*Action item*.
Please take the lines from the one holding "분트(VOONT) Stud Cross T-shirt (BLACK)" through the one holding "Kelvin Boerma Instagram" in the data below and copy them exactly.

Excerpted records START

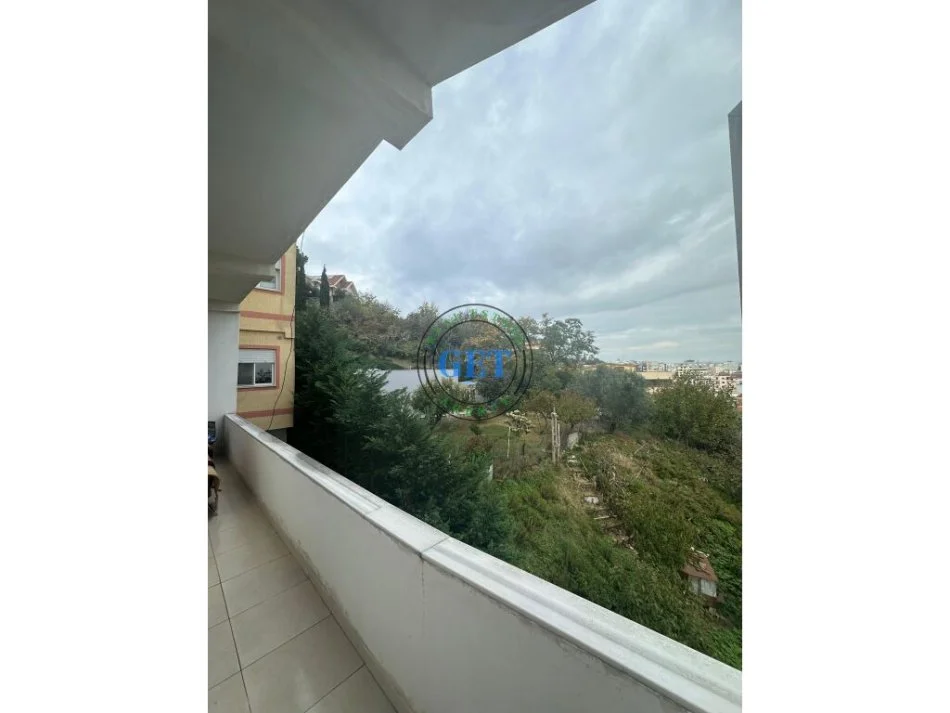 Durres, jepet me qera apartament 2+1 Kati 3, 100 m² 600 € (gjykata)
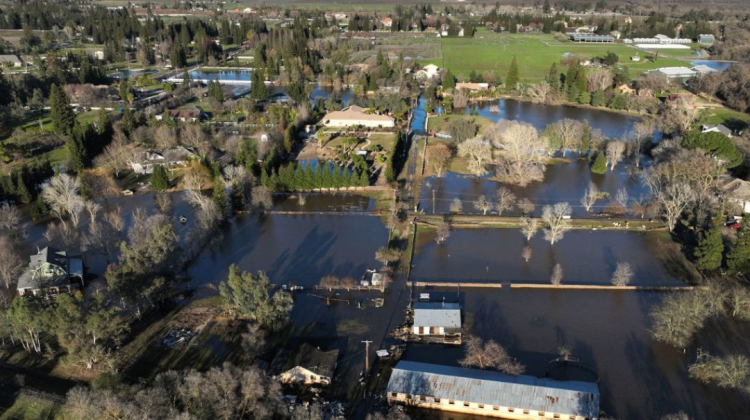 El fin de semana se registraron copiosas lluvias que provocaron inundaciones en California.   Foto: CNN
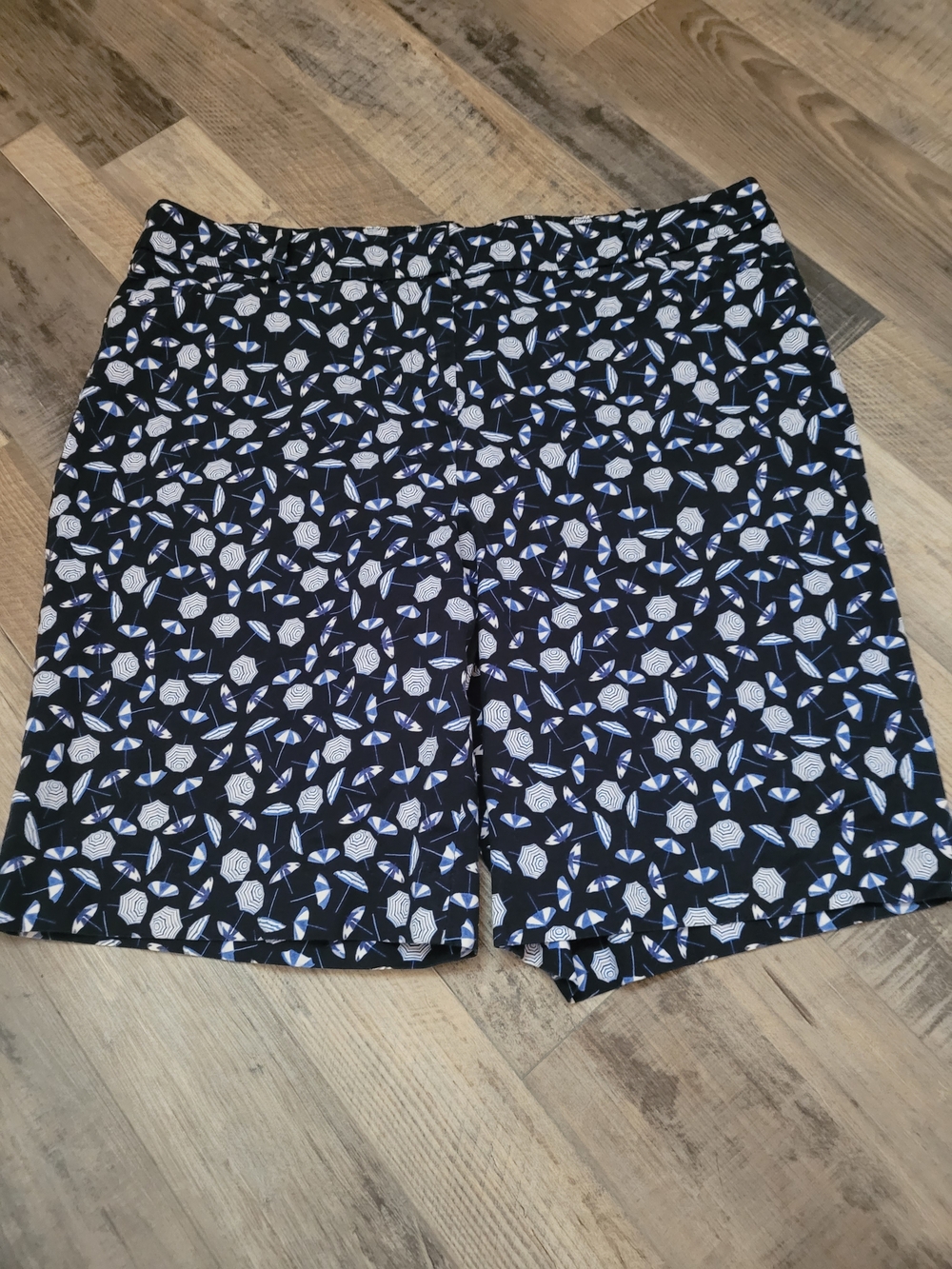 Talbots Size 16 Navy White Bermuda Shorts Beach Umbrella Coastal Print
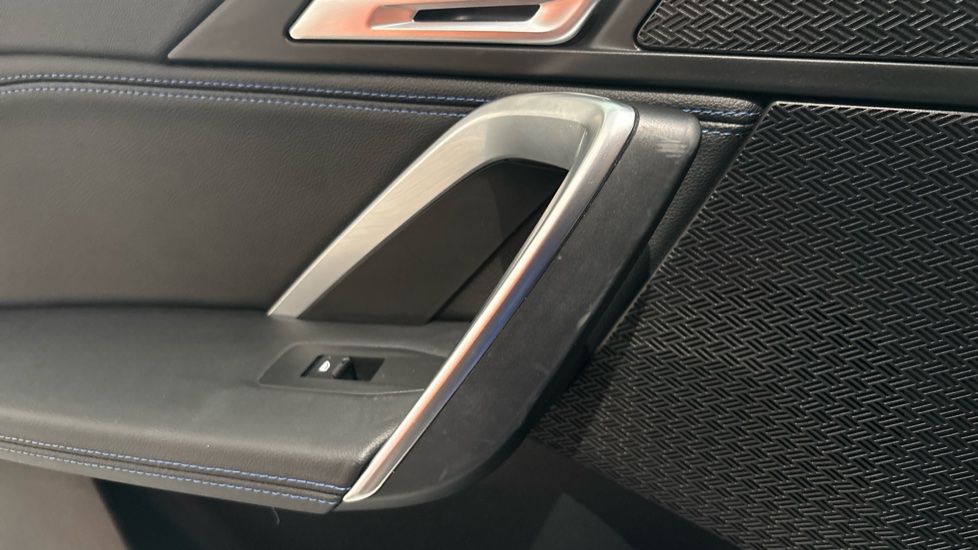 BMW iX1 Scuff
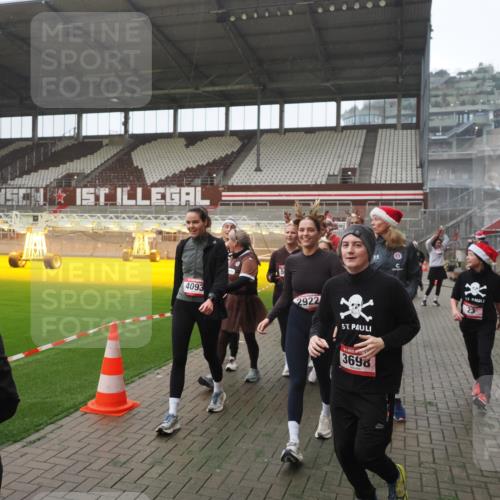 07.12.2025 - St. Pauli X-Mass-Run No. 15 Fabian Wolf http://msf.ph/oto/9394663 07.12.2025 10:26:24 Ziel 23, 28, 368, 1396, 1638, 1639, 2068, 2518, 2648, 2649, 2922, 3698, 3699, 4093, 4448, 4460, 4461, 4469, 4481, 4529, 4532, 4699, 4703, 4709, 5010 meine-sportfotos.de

Excerpted records END
Excerpted records START

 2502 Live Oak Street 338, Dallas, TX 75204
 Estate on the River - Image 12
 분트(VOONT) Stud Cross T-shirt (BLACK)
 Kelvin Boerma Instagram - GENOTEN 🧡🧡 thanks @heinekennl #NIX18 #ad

Excerpted records END

*Reply to the exercise*.
 분트(VOONT) Stud Cross T-shirt (BLACK)
 Kelvin Boerma Instagram - GENOTEN 🧡🧡 thanks @heinekennl #NIX18 #ad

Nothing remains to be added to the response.